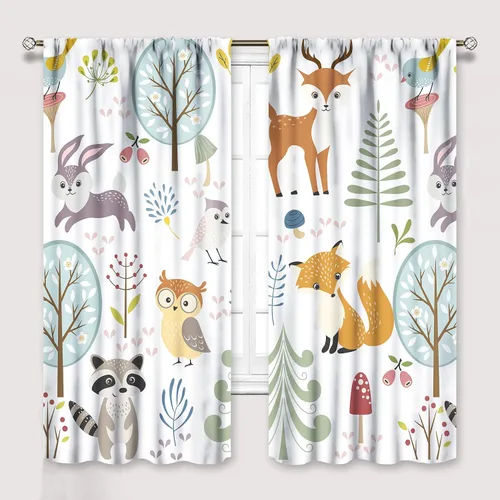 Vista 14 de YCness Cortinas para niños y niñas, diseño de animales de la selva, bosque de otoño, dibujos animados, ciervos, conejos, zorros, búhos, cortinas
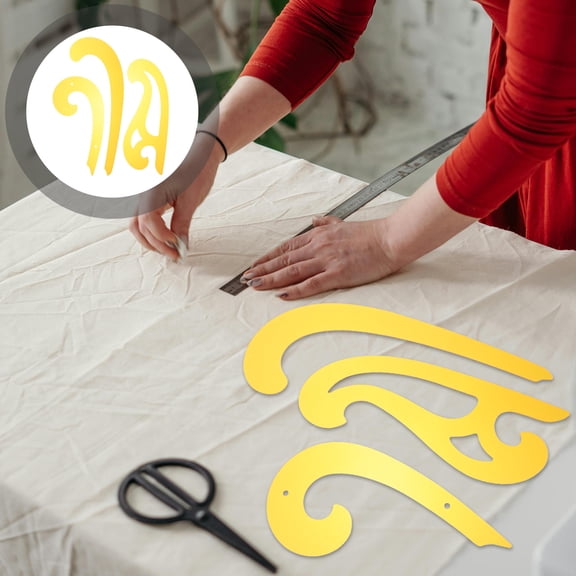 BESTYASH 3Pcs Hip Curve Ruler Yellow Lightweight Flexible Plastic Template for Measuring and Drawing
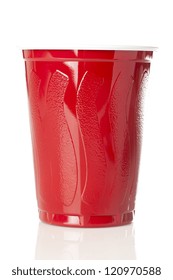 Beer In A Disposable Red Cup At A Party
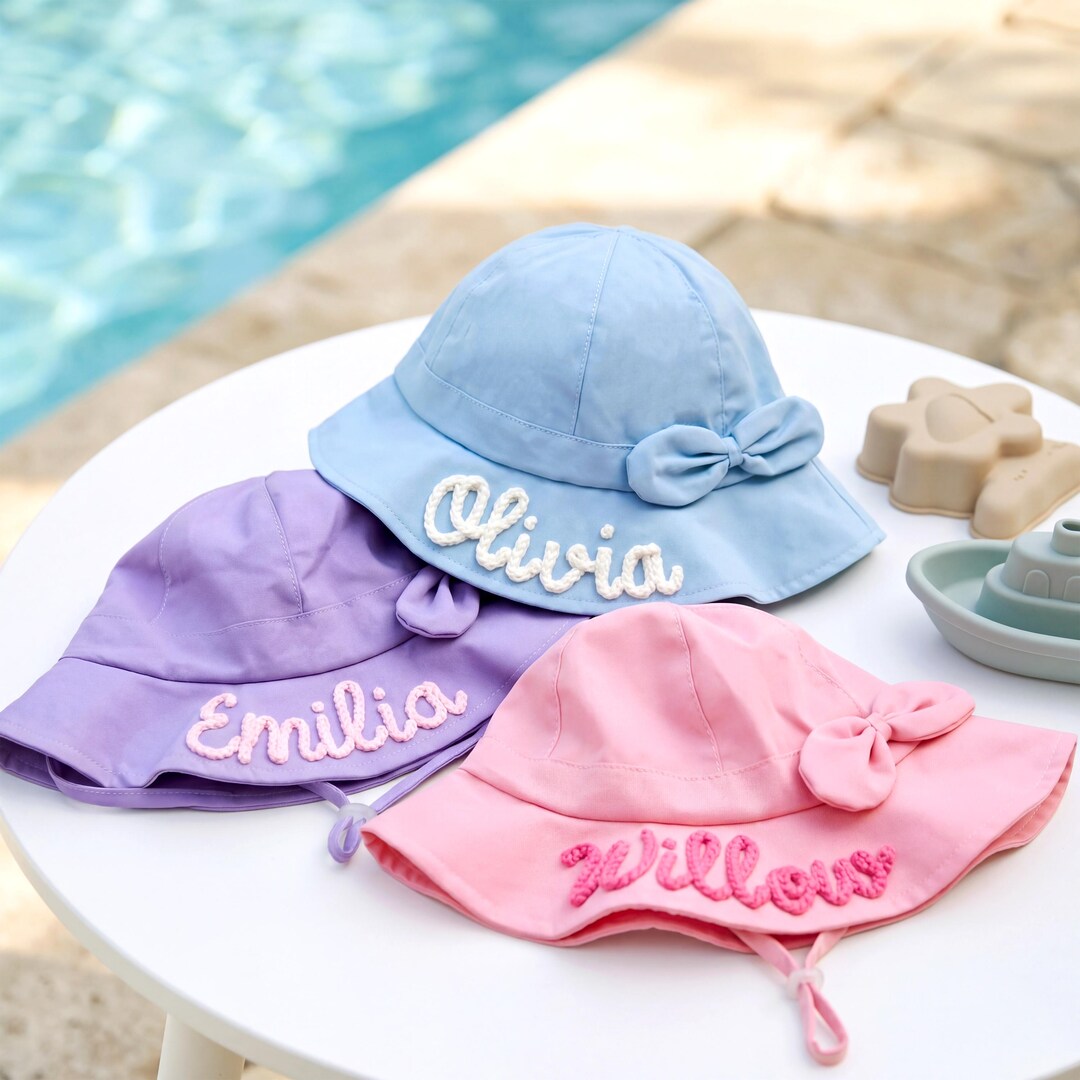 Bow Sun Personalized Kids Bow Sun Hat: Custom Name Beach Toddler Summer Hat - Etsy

==

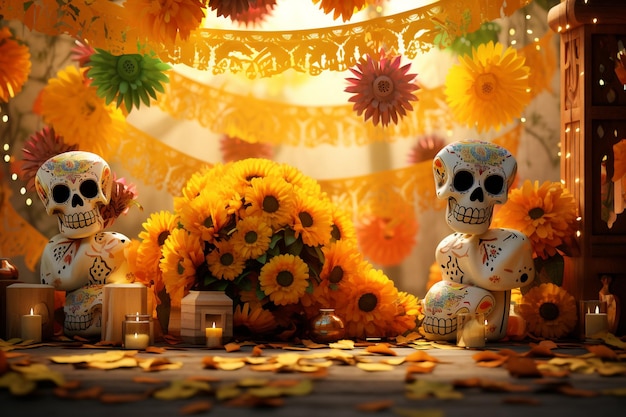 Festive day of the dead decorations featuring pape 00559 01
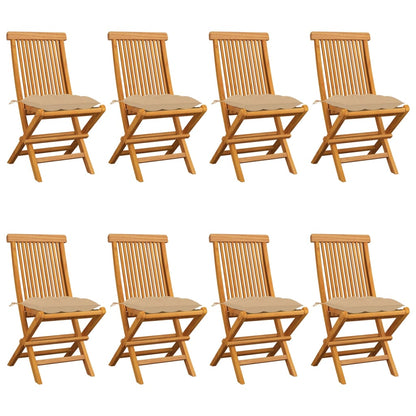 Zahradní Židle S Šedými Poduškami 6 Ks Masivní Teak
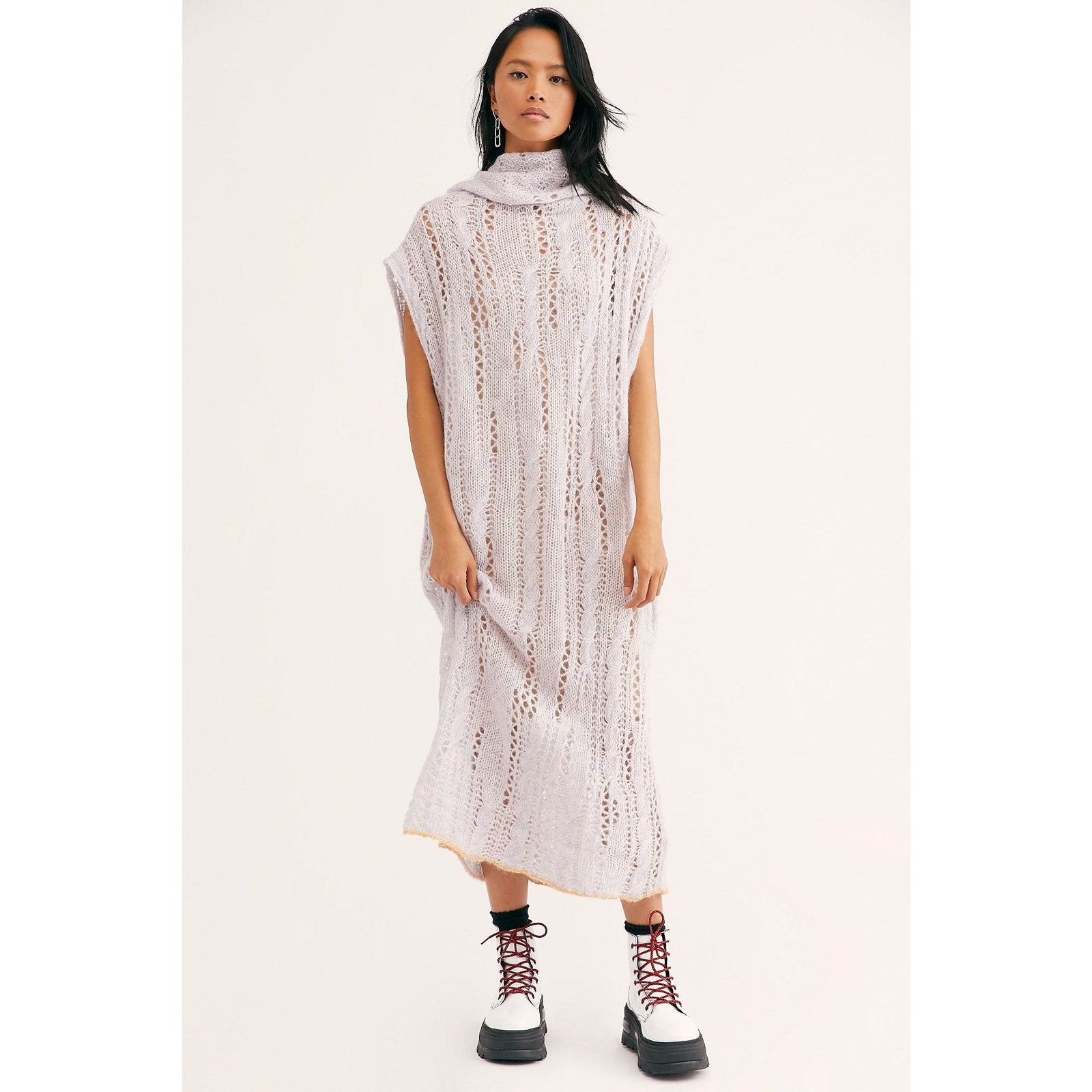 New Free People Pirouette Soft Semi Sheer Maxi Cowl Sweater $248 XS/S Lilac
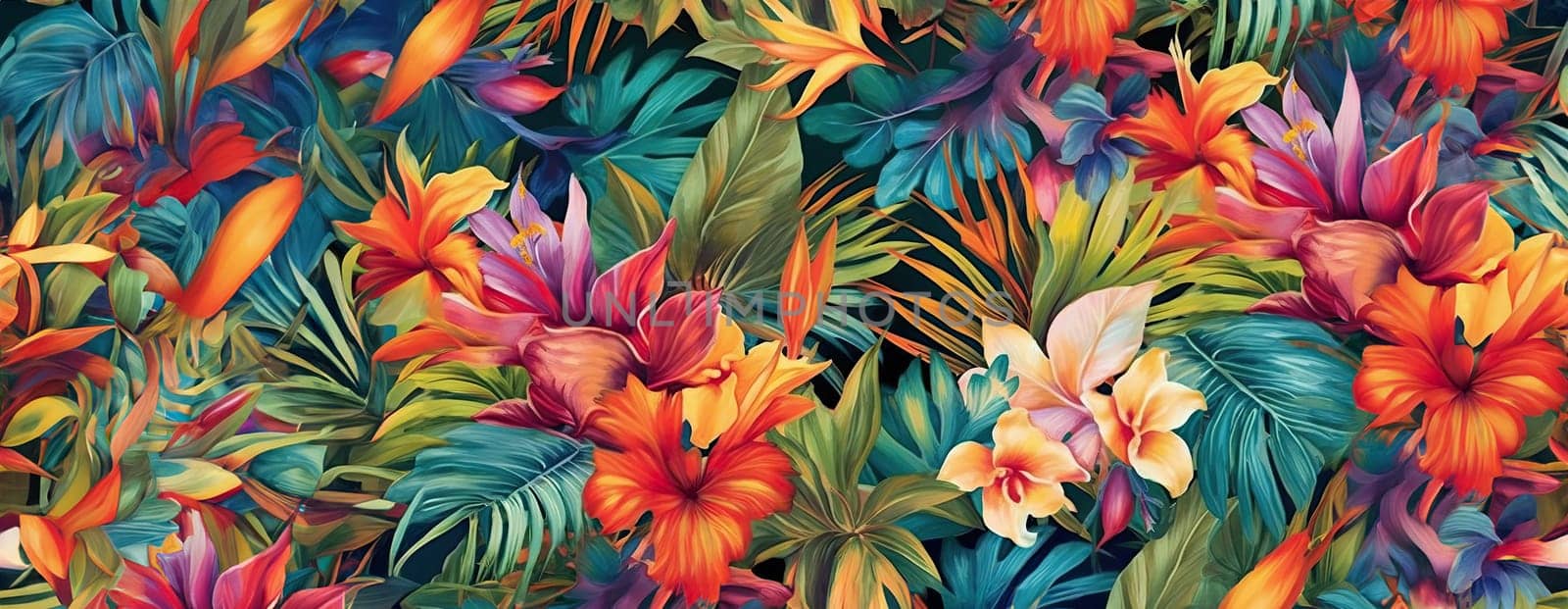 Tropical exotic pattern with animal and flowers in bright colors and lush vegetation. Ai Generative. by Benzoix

* Brief
The answer is the lines above from the one with "BESTYASH 3Pcs Hip" to the one with "Bow Sun Personalized", set down exactly, with no pictures.

* Result
 BESTYASH 3Pcs Hip Curve Ruler Yellow Lightweight Flexible Plastic Template for Measuring and Drawing
 Beer In A Disposable Red Cup At A Party
 Bow Sun Personalized Kids Bow Sun Hat: Custom Name Beach Toddler Summer Hat - Etsy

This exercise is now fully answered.